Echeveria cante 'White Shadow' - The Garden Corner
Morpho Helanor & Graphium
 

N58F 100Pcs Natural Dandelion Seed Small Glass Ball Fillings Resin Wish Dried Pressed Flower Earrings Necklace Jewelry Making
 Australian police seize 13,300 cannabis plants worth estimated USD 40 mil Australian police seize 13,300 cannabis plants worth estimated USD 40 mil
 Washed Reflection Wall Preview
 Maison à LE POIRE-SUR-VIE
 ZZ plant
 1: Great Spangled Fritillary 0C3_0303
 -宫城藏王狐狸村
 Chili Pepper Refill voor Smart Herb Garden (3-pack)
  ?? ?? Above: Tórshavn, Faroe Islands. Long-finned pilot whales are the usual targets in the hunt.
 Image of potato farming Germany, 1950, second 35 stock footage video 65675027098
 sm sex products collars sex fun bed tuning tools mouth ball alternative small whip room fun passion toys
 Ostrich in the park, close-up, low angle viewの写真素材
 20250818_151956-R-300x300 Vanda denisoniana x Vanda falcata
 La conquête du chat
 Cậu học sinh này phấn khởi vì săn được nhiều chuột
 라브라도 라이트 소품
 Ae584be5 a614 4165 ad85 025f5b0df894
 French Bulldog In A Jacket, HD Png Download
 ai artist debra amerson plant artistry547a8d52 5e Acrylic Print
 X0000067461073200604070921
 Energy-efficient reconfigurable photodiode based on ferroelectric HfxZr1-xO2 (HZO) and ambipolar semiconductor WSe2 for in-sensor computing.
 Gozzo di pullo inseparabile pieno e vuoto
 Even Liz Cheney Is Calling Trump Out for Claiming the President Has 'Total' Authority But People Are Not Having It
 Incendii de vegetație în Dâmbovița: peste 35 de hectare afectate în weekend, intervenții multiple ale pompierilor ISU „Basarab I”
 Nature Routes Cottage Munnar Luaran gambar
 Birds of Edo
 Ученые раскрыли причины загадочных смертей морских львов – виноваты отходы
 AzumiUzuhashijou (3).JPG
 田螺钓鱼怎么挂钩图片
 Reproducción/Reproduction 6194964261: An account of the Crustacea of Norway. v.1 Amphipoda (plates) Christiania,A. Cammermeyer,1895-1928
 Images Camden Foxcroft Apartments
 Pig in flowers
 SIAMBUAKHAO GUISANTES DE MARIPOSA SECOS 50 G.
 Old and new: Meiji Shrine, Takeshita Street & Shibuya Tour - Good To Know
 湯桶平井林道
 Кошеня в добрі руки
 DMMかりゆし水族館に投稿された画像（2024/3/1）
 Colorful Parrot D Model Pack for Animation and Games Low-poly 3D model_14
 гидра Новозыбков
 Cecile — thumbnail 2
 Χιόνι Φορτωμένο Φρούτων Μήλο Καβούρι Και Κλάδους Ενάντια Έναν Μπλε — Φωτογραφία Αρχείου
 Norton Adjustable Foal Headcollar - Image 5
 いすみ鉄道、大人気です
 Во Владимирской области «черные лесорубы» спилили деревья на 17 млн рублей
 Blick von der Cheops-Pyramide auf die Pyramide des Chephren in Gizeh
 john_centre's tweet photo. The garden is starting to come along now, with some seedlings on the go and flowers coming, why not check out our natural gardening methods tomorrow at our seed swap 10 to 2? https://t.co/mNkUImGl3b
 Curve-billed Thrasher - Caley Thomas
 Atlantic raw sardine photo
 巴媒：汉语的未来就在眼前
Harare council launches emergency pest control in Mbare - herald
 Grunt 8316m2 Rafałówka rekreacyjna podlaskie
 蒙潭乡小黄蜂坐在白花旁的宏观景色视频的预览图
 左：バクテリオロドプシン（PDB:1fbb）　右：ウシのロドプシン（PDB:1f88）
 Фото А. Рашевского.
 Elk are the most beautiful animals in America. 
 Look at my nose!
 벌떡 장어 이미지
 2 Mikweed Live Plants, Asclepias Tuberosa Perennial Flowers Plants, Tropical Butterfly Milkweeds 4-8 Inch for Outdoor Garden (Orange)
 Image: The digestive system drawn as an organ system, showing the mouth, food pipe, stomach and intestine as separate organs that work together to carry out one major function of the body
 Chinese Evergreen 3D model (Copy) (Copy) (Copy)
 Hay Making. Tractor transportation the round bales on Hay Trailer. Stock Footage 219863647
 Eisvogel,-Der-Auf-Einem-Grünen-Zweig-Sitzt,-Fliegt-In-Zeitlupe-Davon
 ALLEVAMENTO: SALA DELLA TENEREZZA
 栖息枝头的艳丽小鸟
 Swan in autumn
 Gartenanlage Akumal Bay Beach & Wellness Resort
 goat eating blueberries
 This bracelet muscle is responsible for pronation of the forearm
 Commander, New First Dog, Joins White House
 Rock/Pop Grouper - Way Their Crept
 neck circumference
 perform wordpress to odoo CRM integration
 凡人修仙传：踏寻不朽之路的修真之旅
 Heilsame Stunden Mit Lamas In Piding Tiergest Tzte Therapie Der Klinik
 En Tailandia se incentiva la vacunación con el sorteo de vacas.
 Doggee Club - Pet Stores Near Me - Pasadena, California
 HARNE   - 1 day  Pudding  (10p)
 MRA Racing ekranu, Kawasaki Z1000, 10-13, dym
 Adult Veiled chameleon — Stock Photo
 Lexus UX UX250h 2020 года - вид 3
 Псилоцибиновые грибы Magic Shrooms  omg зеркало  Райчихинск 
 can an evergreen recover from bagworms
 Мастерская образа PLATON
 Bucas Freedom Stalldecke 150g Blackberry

-=-=-

* [WHAT YOU HAVE TO DO]
The records above need to be written out again. Keep them exact.

* [EXPECTED ANSWER]
Echeveria cante 'White Shadow' - The Garden Corner
Morpho Helanor & Graphium
 

N58F 100Pcs Natural Dandelion Seed Small Glass Ball Fillings Resin Wish Dried Pressed Flower Earrings Necklace Jewelry Making
 Australian police seize 13,300 cannabis plants worth estimated USD 40 mil Australian police seize 13,300 cannabis plants worth estimated USD 40 mil
 Washed Reflection Wall Preview
 Maison à LE POIRE-SUR-VIE
 ZZ plant
 1: Great Spangled Fritillary 0C3_0303
 -宫城藏王狐狸村
 Chili Pepper Refill voor Smart Herb Garden (3-pack)
  ?? ?? Above: Tórshavn, Faroe Islands. Long-finned pilot whales are the usual targets in the hunt.
 Image of potato farming Germany, 1950, second 35 stock footage video 65675027098
 sm sex products collars sex fun bed tuning tools mouth ball alternative small whip room fun passion toys
 Ostrich in the park, close-up, low angle viewの写真素材
 20250818_151956-R-300x300 Vanda denisoniana x Vanda falcata
 La conquête du chat
 Cậu học sinh này phấn khởi vì săn được nhiều chuột
 라브라도 라이트 소품
 Ae584be5 a614 4165 ad85 025f5b0df894
 French Bulldog In A Jacket, HD Png Download
 ai artist debra amerson plant artistry547a8d52 5e Acrylic Print
 X0000067461073200604070921
 Energy-efficient reconfigurable photodiode based on ferroelectric HfxZr1-xO2 (HZO) and ambipolar semiconductor WSe2 for in-sensor computing.
 Gozzo di pullo inseparabile pieno e vuoto
 Even Liz Cheney Is Calling Trump Out for Claiming the President Has 'Total' Authority But People Are Not Having It
 Incendii de vegetație în Dâmbovița: peste 35 de hectare afectate în weekend, intervenții multiple ale pompierilor ISU „Basarab I”
 Nature Routes Cottage Munnar Luaran gambar
 Birds of Edo
 Ученые раскрыли причины загадочных смертей морских львов – виноваты отходы
 AzumiUzuhashijou (3).JPG
 田螺钓鱼怎么挂钩图片
 Reproducción/Reproduction 6194964261: An account of the Crustacea of Norway. v.1 Amphipoda (plates) Christiania,A. Cammermeyer,1895-1928
 Images Camden Foxcroft Apartments
 Pig in flowers
 SIAMBUAKHAO GUISANTES DE MARIPOSA SECOS 50 G.
 Old and new: Meiji Shrine, Takeshita Street & Shibuya Tour - Good To Know
 湯桶平井林道
 Кошеня в добрі руки
 DMMかりゆし水族館に投稿された画像（2024/3/1）
 Colorful Parrot D Model Pack for Animation and Games Low-poly 3D model_14
 гидра Новозыбков
 Cecile — thumbnail 2
 Χιόνι Φορτωμένο Φρούτων Μήλο Καβούρι Και Κλάδους Ενάντια Έναν Μπλε — Φωτογραφία Αρχείου
 Norton Adjustable Foal Headcollar - Image 5
 いすみ鉄道、大人気です
 Во Владимирской области «черные лесорубы» спилили деревья на 17 млн рублей
 Blick von der Cheops-Pyramide auf die Pyramide des Chephren in Gizeh
 john_centre's tweet photo. The garden is starting to come along now, with some seedlings on the go and flowers coming, why not check out our natural gardening methods tomorrow at our seed swap 10 to 2? https://t.co/mNkUImGl3b
 Curve-billed Thrasher - Caley Thomas
 Atlantic raw sardine photo
 巴媒：汉语的未来就在眼前
Harare council launches emergency pest control in Mbare - herald
 Grunt 8316m2 Rafałówka rekreacyjna podlaskie
 蒙潭乡小黄蜂坐在白花旁的宏观景色视频的预览图
 左：バクテリオロドプシン（PDB:1fbb）　右：ウシのロドプシン（PDB:1f88）
 Фото А. Рашевского.
 Elk are the most beautiful animals in America. 
 Look at my nose!
 벌떡 장어 이미지
 2 Mikweed Live Plants, Asclepias Tuberosa Perennial Flowers Plants, Tropical Butterfly Milkweeds 4-8 Inch for Outdoor Garden (Orange)
 Image: The digestive system drawn as an organ system, showing the mouth, food pipe, stomach and intestine as separate organs that work together to carry out one major function of the body
 Chinese Evergreen 3D model (Copy) (Copy) (Copy)
 Hay Making. Tractor transportation the round bales on Hay Trailer. Stock Footage 219863647
 Eisvogel,-Der-Auf-Einem-Grünen-Zweig-Sitzt,-Fliegt-In-Zeitlupe-Davon
 ALLEVAMENTO: SALA DELLA TENEREZZA
 栖息枝头的艳丽小鸟
 Swan in autumn
 Gartenanlage Akumal Bay Beach & Wellness Resort
 goat eating blueberries
 This bracelet muscle is responsible for pronation of the forearm
 Commander, New First Dog, Joins White House
 Rock/Pop Grouper - Way Their Crept
 neck circumference
 perform wordpress to odoo CRM integration
 凡人修仙传：踏寻不朽之路的修真之旅
 Heilsame Stunden Mit Lamas In Piding Tiergest Tzte Therapie Der Klinik
 En Tailandia se incentiva la vacunación con el sorteo de vacas.
 Doggee Club - Pet Stores Near Me - Pasadena, California
 HARNE   - 1 day  Pudding  (10p)
 MRA Racing ekranu, Kawasaki Z1000, 10-13, dym
 Adult Veiled chameleon — Stock Photo
 Lexus UX UX250h 2020 года - вид 3
 Псилоцибиновые грибы Magic Shrooms  omg зеркало  Райчихинск 
 can an evergreen recover from bagworms
 Мастерская образа PLATON
 Bucas Freedom Stalldecke 150g Blackberry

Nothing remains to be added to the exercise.